### Aim of the task
Write out exactly the lines below that run from the line containing "Santa Toddler Kersthoodie (Voorkant)" through the last line of the records.

───── Extracted data ─────

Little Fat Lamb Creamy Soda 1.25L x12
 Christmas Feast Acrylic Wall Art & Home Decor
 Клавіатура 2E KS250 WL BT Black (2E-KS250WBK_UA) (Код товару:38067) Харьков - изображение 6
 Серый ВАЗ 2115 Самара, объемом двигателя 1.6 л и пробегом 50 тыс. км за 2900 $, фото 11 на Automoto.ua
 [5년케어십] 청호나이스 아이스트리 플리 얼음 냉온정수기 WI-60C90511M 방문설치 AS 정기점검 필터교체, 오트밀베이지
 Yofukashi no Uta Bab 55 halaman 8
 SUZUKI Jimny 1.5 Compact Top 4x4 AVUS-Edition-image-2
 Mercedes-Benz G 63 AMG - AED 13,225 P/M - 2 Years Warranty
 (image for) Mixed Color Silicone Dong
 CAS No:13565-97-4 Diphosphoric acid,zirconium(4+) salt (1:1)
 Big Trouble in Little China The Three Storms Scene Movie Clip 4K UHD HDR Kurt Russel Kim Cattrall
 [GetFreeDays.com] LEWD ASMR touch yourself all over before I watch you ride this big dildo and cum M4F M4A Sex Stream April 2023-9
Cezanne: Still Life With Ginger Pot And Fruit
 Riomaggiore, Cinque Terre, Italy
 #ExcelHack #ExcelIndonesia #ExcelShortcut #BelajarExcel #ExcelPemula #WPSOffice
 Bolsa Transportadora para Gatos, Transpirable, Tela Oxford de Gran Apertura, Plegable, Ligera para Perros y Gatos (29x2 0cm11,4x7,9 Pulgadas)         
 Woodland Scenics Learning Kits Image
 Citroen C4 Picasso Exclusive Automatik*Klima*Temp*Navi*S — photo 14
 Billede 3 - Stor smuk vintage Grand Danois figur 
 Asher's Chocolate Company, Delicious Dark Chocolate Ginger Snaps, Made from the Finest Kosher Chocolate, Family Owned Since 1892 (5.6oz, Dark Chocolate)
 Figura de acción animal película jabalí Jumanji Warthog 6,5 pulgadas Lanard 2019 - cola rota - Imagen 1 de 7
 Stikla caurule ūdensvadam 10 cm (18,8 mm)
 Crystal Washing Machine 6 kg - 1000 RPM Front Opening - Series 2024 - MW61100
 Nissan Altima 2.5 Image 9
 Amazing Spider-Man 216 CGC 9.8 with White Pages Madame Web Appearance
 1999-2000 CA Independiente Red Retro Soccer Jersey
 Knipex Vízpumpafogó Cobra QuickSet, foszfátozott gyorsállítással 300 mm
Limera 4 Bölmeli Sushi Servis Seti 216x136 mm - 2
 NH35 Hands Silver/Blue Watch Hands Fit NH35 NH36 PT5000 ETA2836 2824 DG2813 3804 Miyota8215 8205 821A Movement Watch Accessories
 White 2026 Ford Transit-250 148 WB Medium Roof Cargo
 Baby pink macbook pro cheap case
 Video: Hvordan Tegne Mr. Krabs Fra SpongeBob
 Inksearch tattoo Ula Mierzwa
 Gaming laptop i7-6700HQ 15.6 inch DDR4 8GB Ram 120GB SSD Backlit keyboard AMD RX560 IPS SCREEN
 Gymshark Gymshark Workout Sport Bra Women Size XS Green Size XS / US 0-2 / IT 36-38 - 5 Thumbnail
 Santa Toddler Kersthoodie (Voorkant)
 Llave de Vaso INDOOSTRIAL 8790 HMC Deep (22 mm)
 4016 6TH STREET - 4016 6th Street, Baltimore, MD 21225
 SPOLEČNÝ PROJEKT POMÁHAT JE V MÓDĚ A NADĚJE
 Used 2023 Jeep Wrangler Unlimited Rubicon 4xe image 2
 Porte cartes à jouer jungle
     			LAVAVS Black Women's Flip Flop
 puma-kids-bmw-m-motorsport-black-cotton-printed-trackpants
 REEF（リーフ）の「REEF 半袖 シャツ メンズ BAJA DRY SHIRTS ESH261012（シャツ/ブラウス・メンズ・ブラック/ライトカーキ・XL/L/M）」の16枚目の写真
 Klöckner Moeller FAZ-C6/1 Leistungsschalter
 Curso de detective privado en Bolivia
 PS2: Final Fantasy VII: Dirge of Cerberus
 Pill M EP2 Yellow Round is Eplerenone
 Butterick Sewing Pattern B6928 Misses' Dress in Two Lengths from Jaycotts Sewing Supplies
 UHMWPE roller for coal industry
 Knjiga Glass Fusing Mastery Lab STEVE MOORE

─────

### Expected answer
 Santa Toddler Kersthoodie (Voorkant)
 Llave de Vaso INDOOSTRIAL 8790 HMC Deep (22 mm)
 4016 6TH STREET - 4016 6th Street, Baltimore, MD 21225
 SPOLEČNÝ PROJEKT POMÁHAT JE V MÓDĚ A NADĚJE
 Used 2023 Jeep Wrangler Unlimited Rubicon 4xe image 2
 Porte cartes à jouer jungle
     			LAVAVS Black Women's Flip Flop
 puma-kids-bmw-m-motorsport-black-cotton-printed-trackpants
 REEF（リーフ）の「REEF 半袖 シャツ メンズ BAJA DRY SHIRTS ESH261012（シャツ/ブラウス・メンズ・ブラック/ライトカーキ・XL/L/M）」の16枚目の写真
 Klöckner Moeller FAZ-C6/1 Leistungsschalter
 Curso de detective privado en Bolivia
 PS2: Final Fantasy VII: Dirge of Cerberus
 Pill M EP2 Yellow Round is Eplerenone
 Butterick Sewing Pattern B6928 Misses' Dress in Two Lengths from Jaycotts Sewing Supplies
 UHMWPE roller for coal industry
 Knjiga Glass Fusing Mastery Lab STEVE MOORE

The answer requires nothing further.